Le terapie di mantenimento riescono ad ottenere un sufficiente controllo delle crisi vertiginose in almeno i 2/3 dei pazienti, soprattutto adottando un adeguato stile di vita, per cui è tassativo eliminare alcool, tabacco, caffè, limitare lo stress, adottare una dieta iposodica e bere tanta acqua. I farmaci utilizzati in questa fase intercritica sono gli steroidi per la loro azione antinfiammatoria ed immunosoppressiva così come la betaistina, farmaco ad azione istaminergica che pare migliorare il flusso ematico a carico dell’orecchio interno. Tra i trattamenti medici anche la terapia cosidetta pulse pressure attraverso l’utilizzo di uno strumento chiamato Meniett®. Purtroppo, ad oggi non esiste una terapia specifica per la sindrome, sebbene si possano attenuare o prevenire determinati sintomi, come, ad esempio, gli attacchi di vertigine e nausea.
Recentemente diversi studi hanno evidenziato che, prima del ricorso ad un approccio chirurgico (neurectomia del nervo vestibolare), una valida opzione terapeutica consiste nel trattamento con iniezioni intratimpaniche di cortisone o di gentamicina.
Quest’ultimo prodotto possiede un’azione parzialmente tossica nei confronti delle strutture labirintiche, determinando una effettiva riduzione delle crisi vertiginose.
Tra le opzioni terapeutiche per la cura della MdM c’è infine anche quella chirurgica, ma quando si rende necessaria?
«La maggioranza dei pazienti affetti da MdM può essere gestita con relativo successo attraverso un trattamento medico che, di fatto, cerca di accompagnare il naturale decorso della malattia che tende progressivamente a dar luogo ad una remissione della sintomatologia (burn out).

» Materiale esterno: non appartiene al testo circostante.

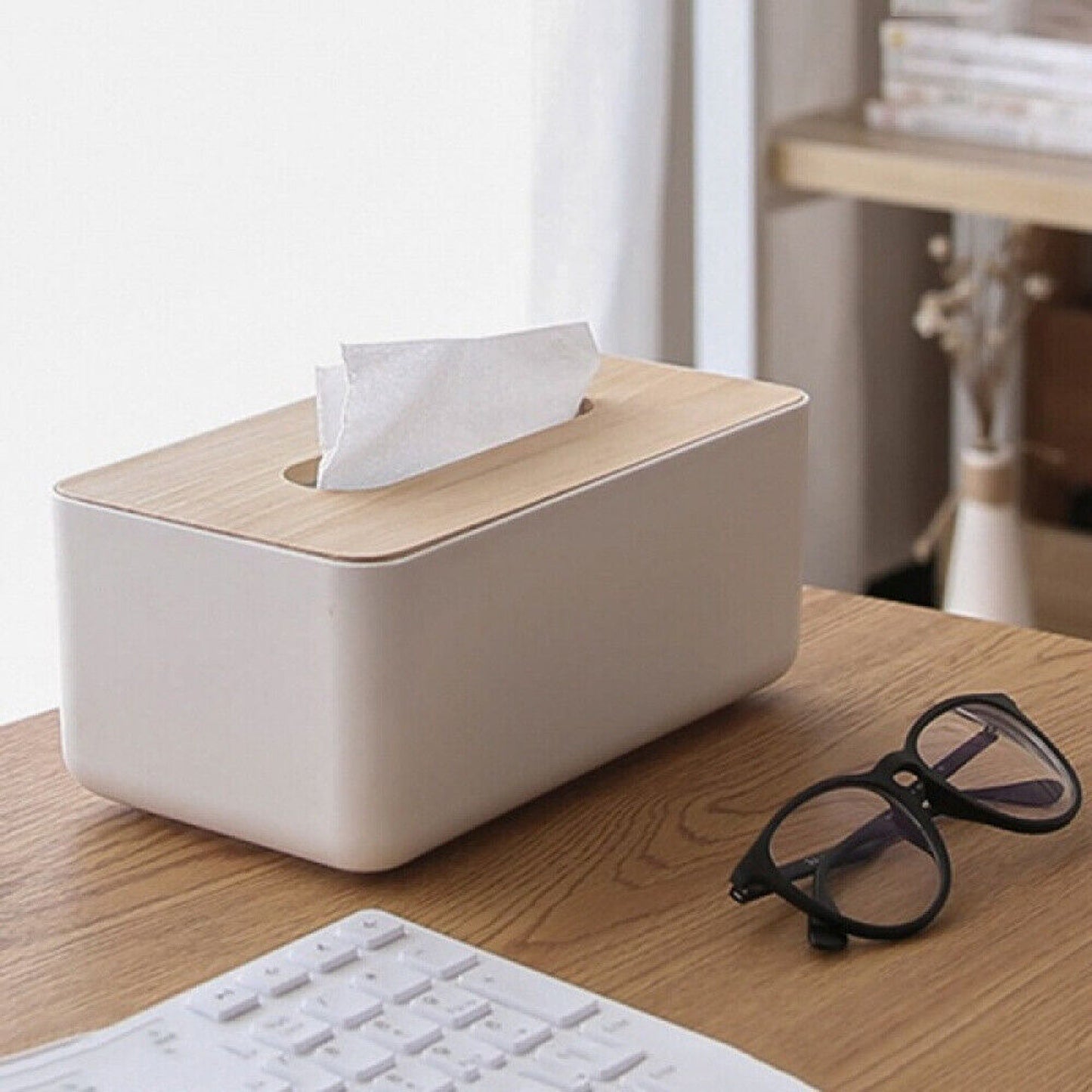 Elegant Wooden Tissue Box Cover Paper Napkin Storage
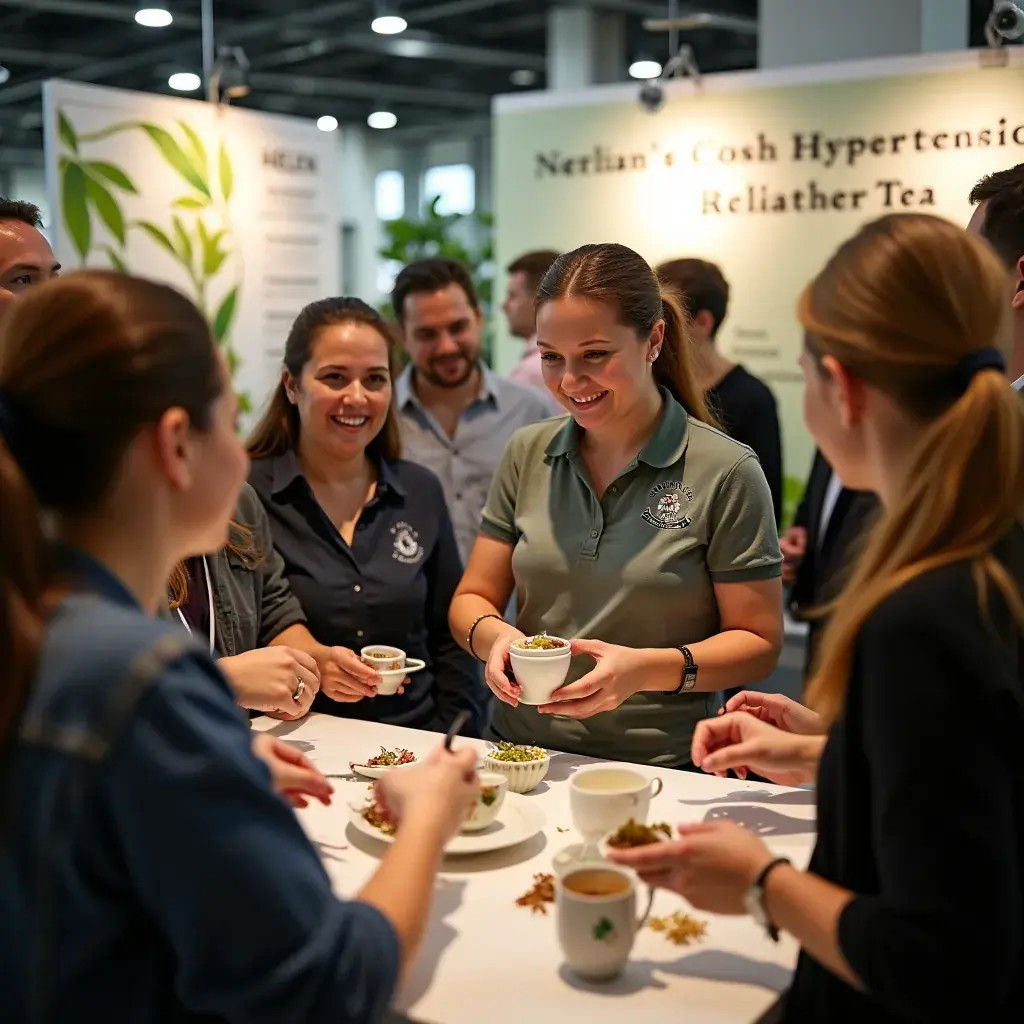Különböző ízű hipertónia csökkentő teák bemutatása egy boltban.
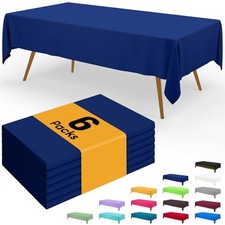 Disposable Table Cloth - 6 Pack, 54 x 108 Inch 54" x 108" - 6 Packs Navy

Diversi studi hanno dimostrato che almeno nel 70-80% dei casi, dopo 7 anni, si assiste alla completa cessazione delle crisi indipendentemente dal tipo di terapia eseguita. Per questo si ritiene che non più del 5% dei pazienti menierici necessiti di un approccio chirurgico. Questo viene considerato laddove le crisi di vertigine non vengano controllate con la terapia medica».